■ **Problem details**:
What you return should be the complete data below, word for word, with no pictures in it.

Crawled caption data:
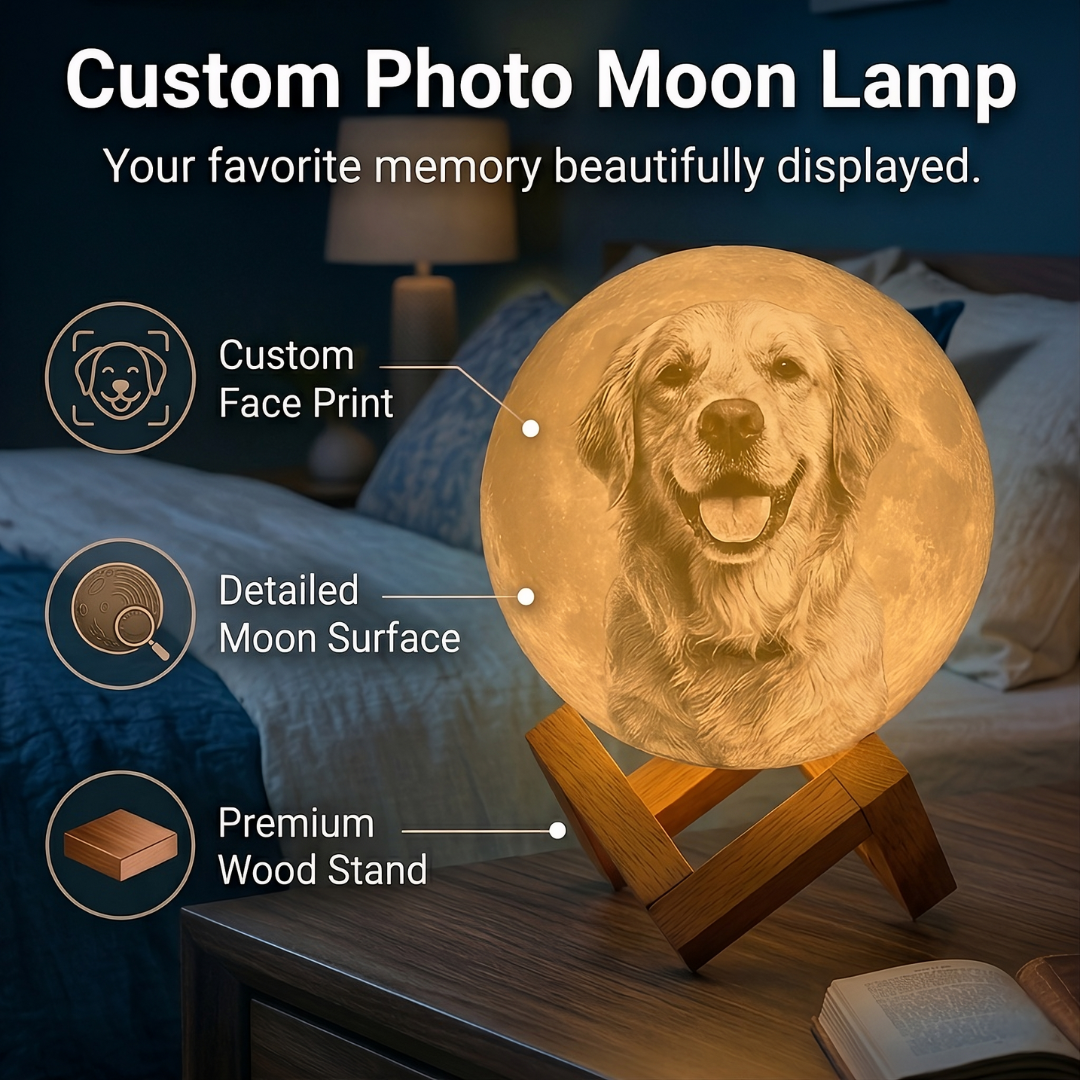 Custom Photo & Text Moon Lamp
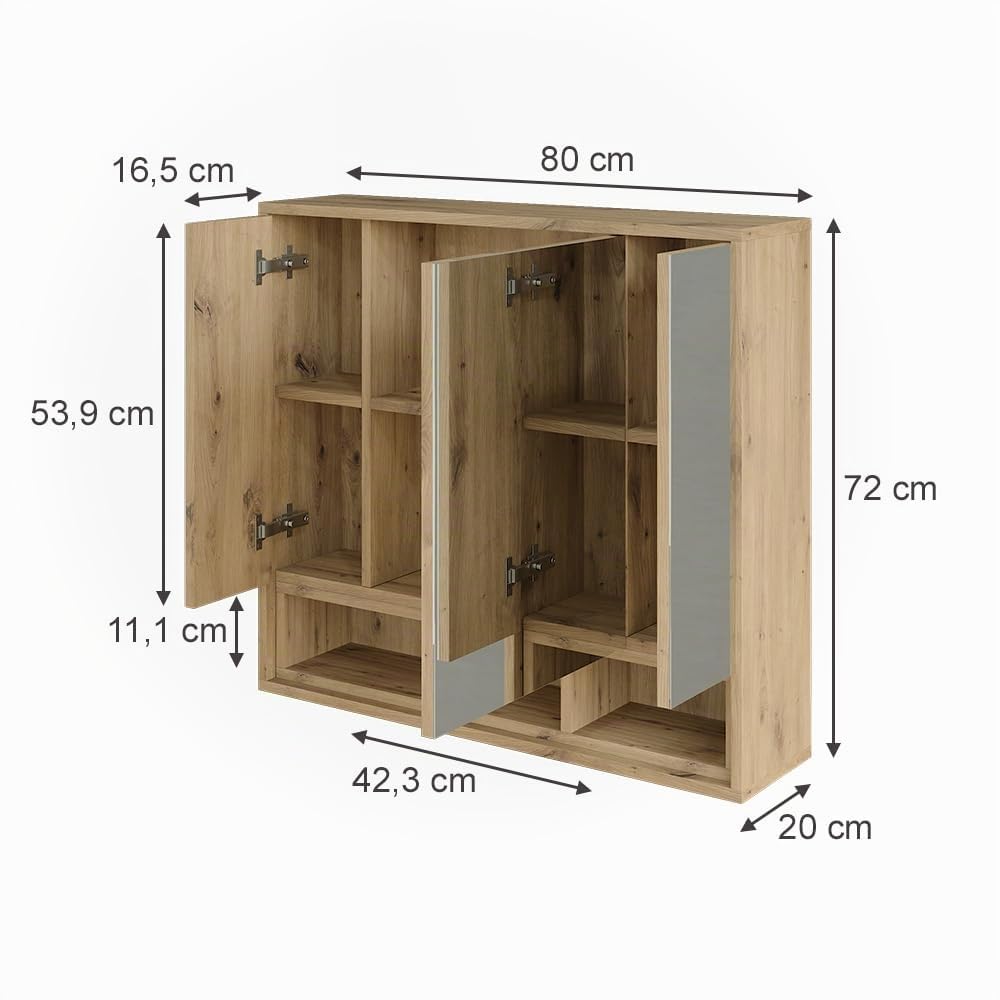 Vicco Armario con Espejo Beatrice, Cachemira/Roble Artesanal, 80 x 72 cm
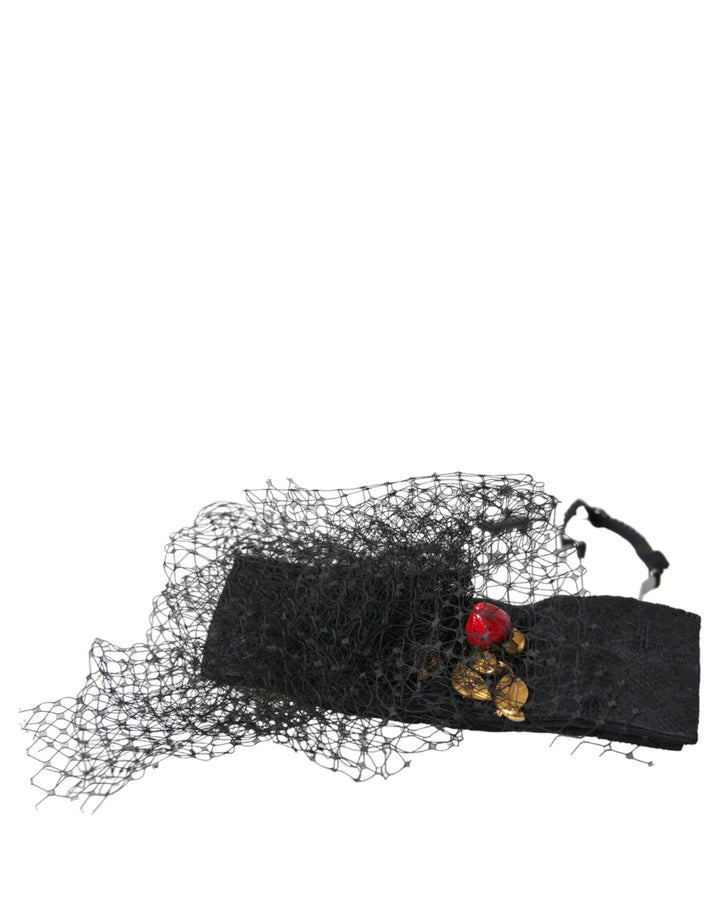 Serre-tête diadème Dolce & Gabbana en maille de cristal avec fraises noires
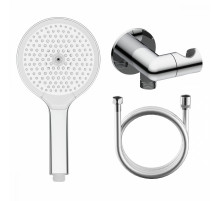 Комплект с лейкой Raglo R476.42 для душа душевая лейка 3 режима, шланг 1,5м, держатель лейки с подключением шланга латунь, хром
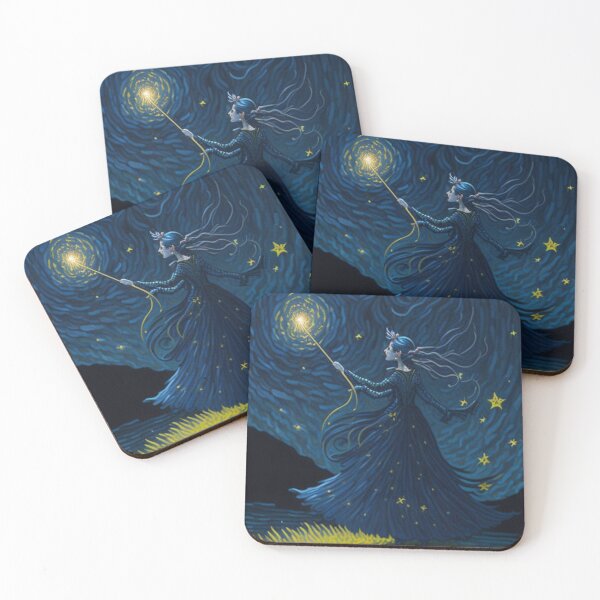 Item preview, A magical fairy perched atop a swirling night sky, inspired by Van Gogh's Starry Night. designed and sold by T-shirtMill.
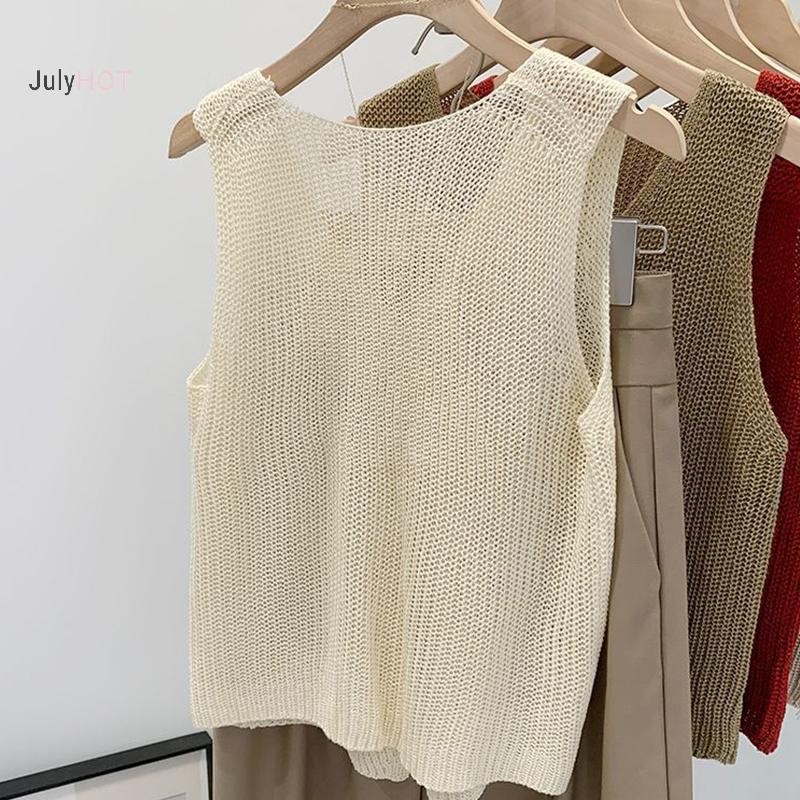 Áo Vest Cổ Chữ V Mùa Hè from Hàn Quốc, Made from Cotton và Lanh, Thiết Kế Màu Trơn Phù Hợp Thời Trang
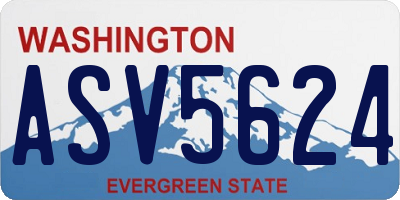 WA license plate ASV5624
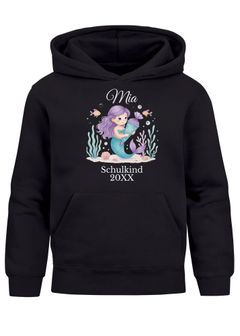 Kinder Hoodie Mädchen Schulkind 2025 Prinzessin Fee Mermaid mit Name Jahreszahl personalisiert Einschulungsgeschenk SpecialMe®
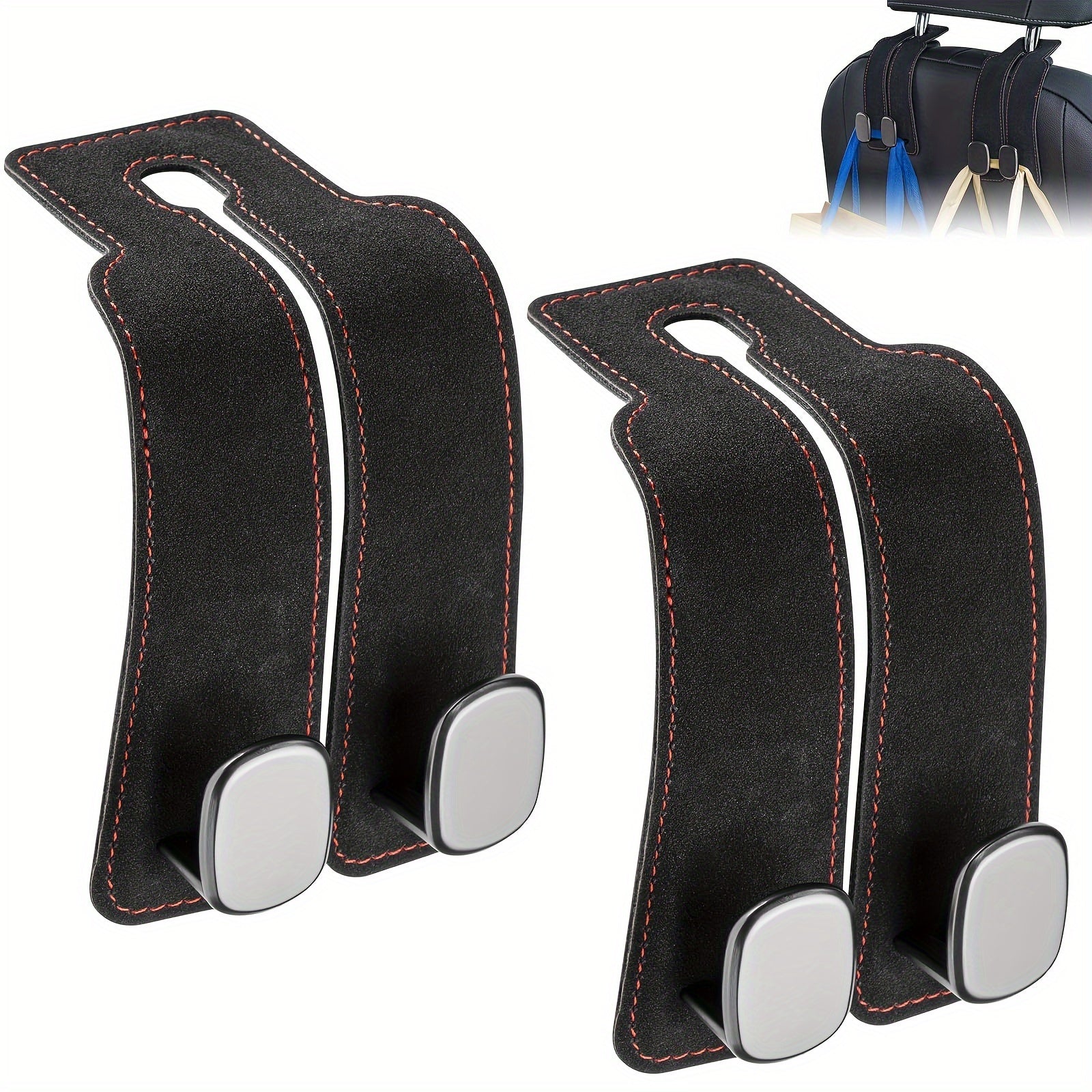 TEMU 2pcs Premium Synthetic Synthetic Leather Car Seat Back Hooks - Black With Red Stitching, Metal Clips For Headrest, Fit For Bags, Groceries &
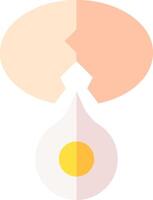An egg is broken in half and the egg is inside vector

■ **Completed exercise**:
 Custom Photo & Text Moon Lamp
 Vicco Armario con Espejo Beatrice, Cachemira/Roble Artesanal, 80 x 72 cm
 Serre-tête diadème Dolce & Gabbana en maille de cristal avec fraises noires
 Комплект с лейкой Raglo R476.42 для душа душевая лейка 3 режима, шланг 1,5м, держатель лейки с подключением шланга латунь, хром
 Item preview, A magical fairy perched atop a swirling night sky, inspired by Van Gogh's Starry Night. designed and sold by T-shirtMill.
 Áo Vest Cổ Chữ V Mùa Hè from Hàn Quốc, Made from Cotton và Lanh, Thiết Kế Màu Trơn Phù Hợp Thời Trang
 WA license plate ASV5624
 Kinder Hoodie Mädchen Schulkind 2025 Prinzessin Fee Mermaid mit Name Jahreszahl personalisiert Einschulungsgeschenk SpecialMe®
 TEMU 2pcs Premium Synthetic Synthetic Leather Car Seat Back Hooks - Black With Red Stitching, Metal Clips For Headrest, Fit For Bags, Groceries &
An egg is broken in half and the egg is inside vector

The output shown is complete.